An integral part of STAMP is the implementation of constraints in monitoring each control system. Through sensing technology, workers can be alerted to dangerous situations, which can be defined by the technology itself. If a bio-sensor, attached to a worker’s personal protective equipment, sends an alert that the worker has slipped, action can be taken to investigate, and, if necessary, to close that area. The closure may be physical, or it may be a warning on a smartphone.
“We can sense things very cheaply, and we have the technology to measure all kinds of constraints like temperature, distance or pollution,” says Miles. “The site’s safety experts know which constraints are important to them, and thus which we need to monitor.”
As a construction site progresses security requirements change. While personnel and equipment in a greenfield site can be monitored using GPS, once buildings have roofs, RFID readers will have to be deployed. Each day, different material, logged in electronically, will have to be tracked in different places and handled by various people.

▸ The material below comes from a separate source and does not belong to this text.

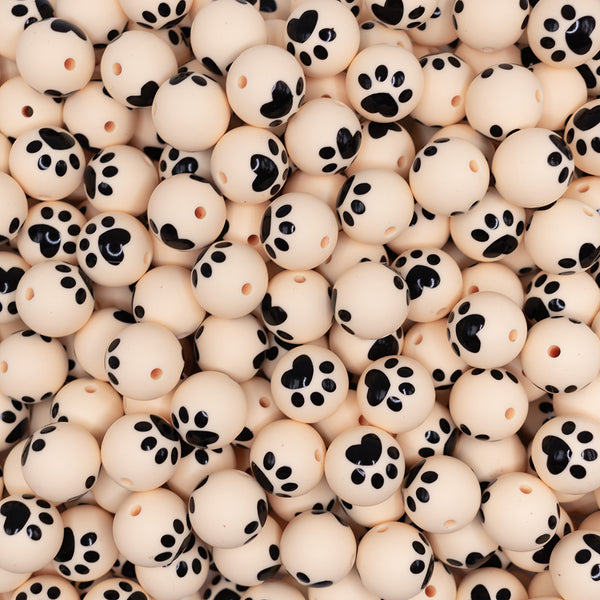 top view of a pile of 15mm Cream with Paw Print Silicone Bead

“What’s so exciting now is that we have ISO standards for physical layer wireless connectivity at LF, HF, UHF, WiFi, ZigBee and UWB frequencies so that we can leverage a common reader infrastructure for new applications,” says Miles.
Accessing the way
There’s plenty of potential in combining the information on access cards with the other information a company holds. For example, if a Cisco staff member visits a Cisco Executive Business Center to meet a customer, says Lindsay Hiebert, senior manager for Physical Security Marketing in Cisco’s Central Marketing Organization, Cisco is able to demonstrate new integrated capabilities so that when the staff member badges in, he or she could be presented with a map of the building indicating how to get to the meeting room.
“Access control, staff calendars, the Center’s room allocations and the building floor map all have to be integrated,” he explains.
Dennis Charlebois, director of Safety & Security Solutions at Cisco, suggests a further development: “When I walk in, my identity is passed to the network access office, and the ports in my office are released.”
IT security is of course a matter of serious concern, and much of the threat comes from physical insecurity, so locking network access when the authorized user is not in the building makes sense. But one could go further still.
“If a CFO badges in to the building and logs in to the network, he gets full access,” suggests Charlebois. “But if he hasn’t badged in, he’ll only get access to certain parts of it: he may be sitting in a Starbucks using an insecure Wi-Fi, and you wouldn’t want the company’s figures going over that.”
So far the main sensor used in access control is the RFID card, but smartphones could change all that. Hiebert notes that the CIO of the French town of Drancy, a Cisco customer, has moved on to a next generation.
“He mapped his access control privileges onto his iPhone using regular apps,” says Hiebert,” and now he doesn’t have to carry keys anymore.”
The SENSEable Lab is using smartphones both for geo-positioning and as a kind of “voluntary sensor”. If someone sees a safety hazard, they photograph, geo-tag and upload it immediately, or if the sensors pick up unusual activity an alert is sent to teammates or a supervisor. The opportunity, says Miles, is to make safety risk management engaging and “more democratic.”